DIRECTIONS FOR THIS TASK: Restate, exactly as written, the entries below from the line that holds "35 E Spinnaker" through the line that holds "shutterstock_2706388019 3. The". Pictures are not part of the copy.

RECORDS PROVIDED:
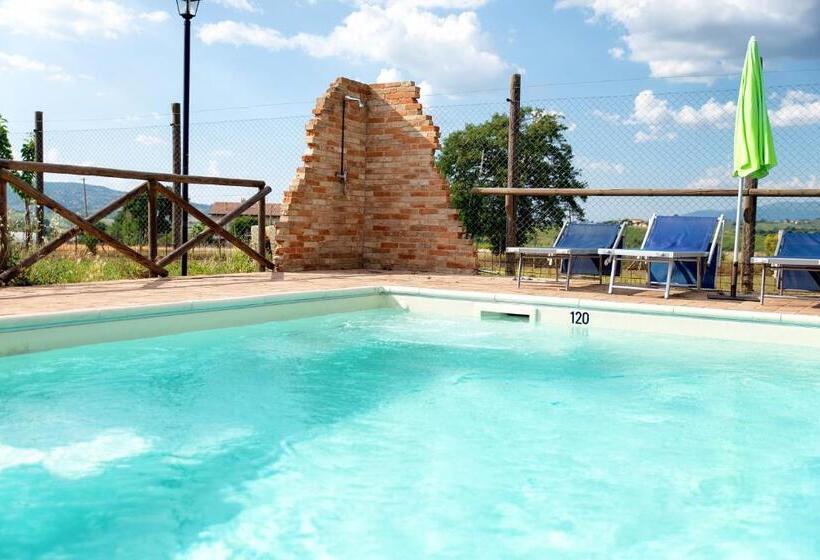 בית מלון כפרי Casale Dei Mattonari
...
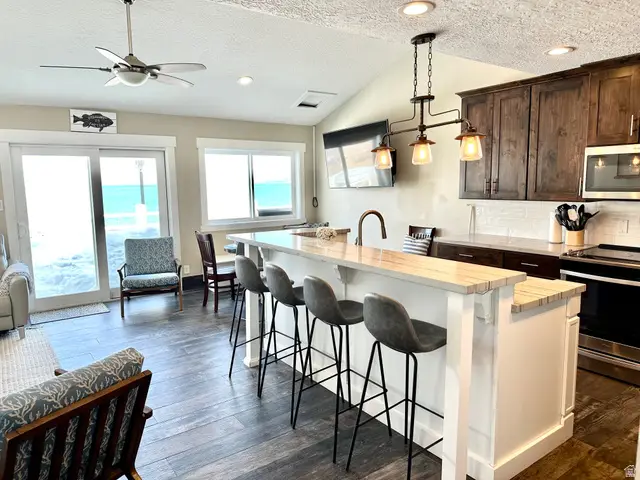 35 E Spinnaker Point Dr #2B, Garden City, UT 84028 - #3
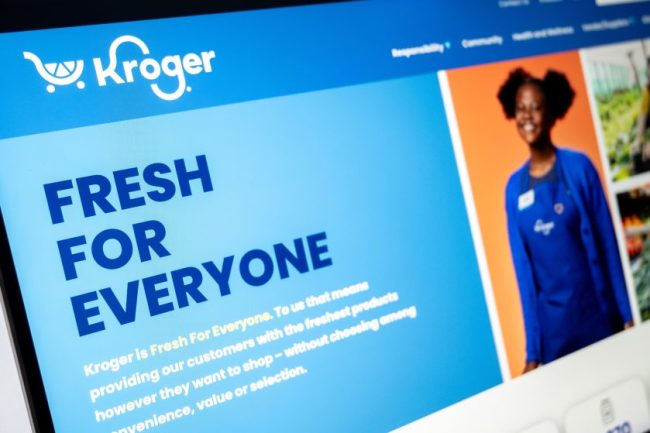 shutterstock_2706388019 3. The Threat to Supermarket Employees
* * *
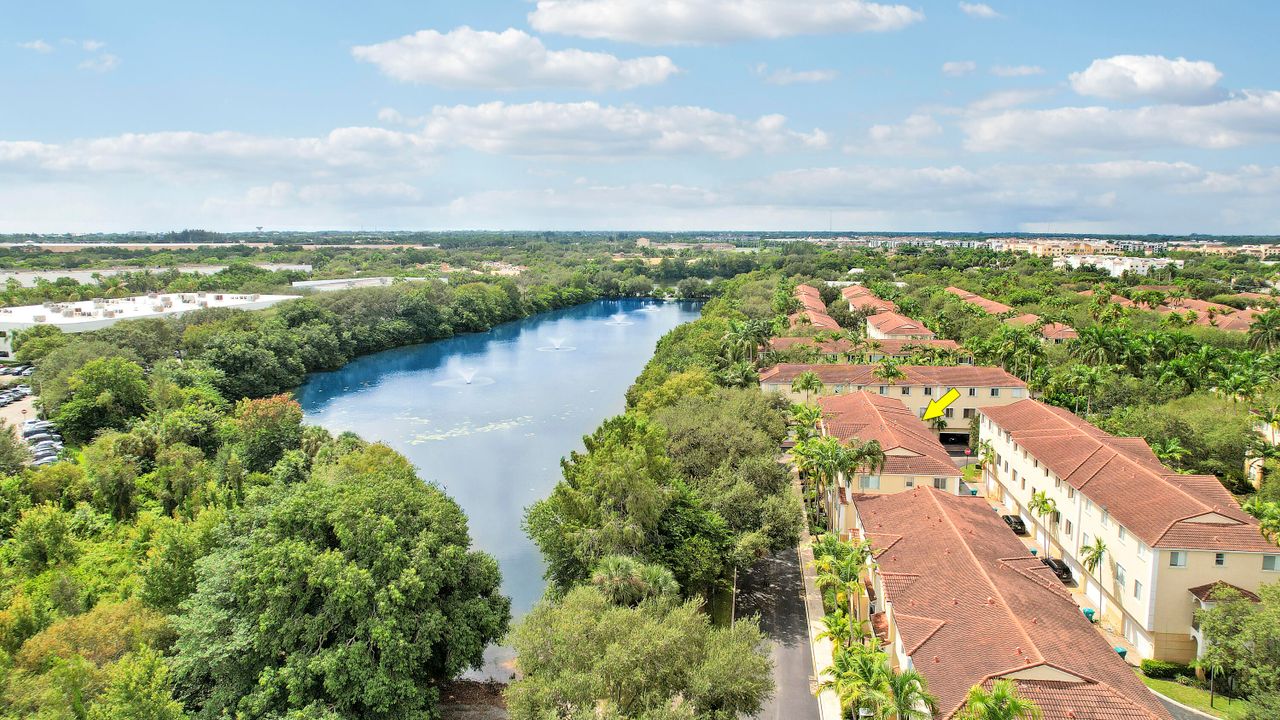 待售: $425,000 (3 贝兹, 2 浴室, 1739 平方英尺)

RESPONSE TO THIS EXERCISE:
 35 E Spinnaker Point Dr #2B, Garden City, UT 84028 - #3
 shutterstock_2706388019 3. The Threat to Supermarket Employees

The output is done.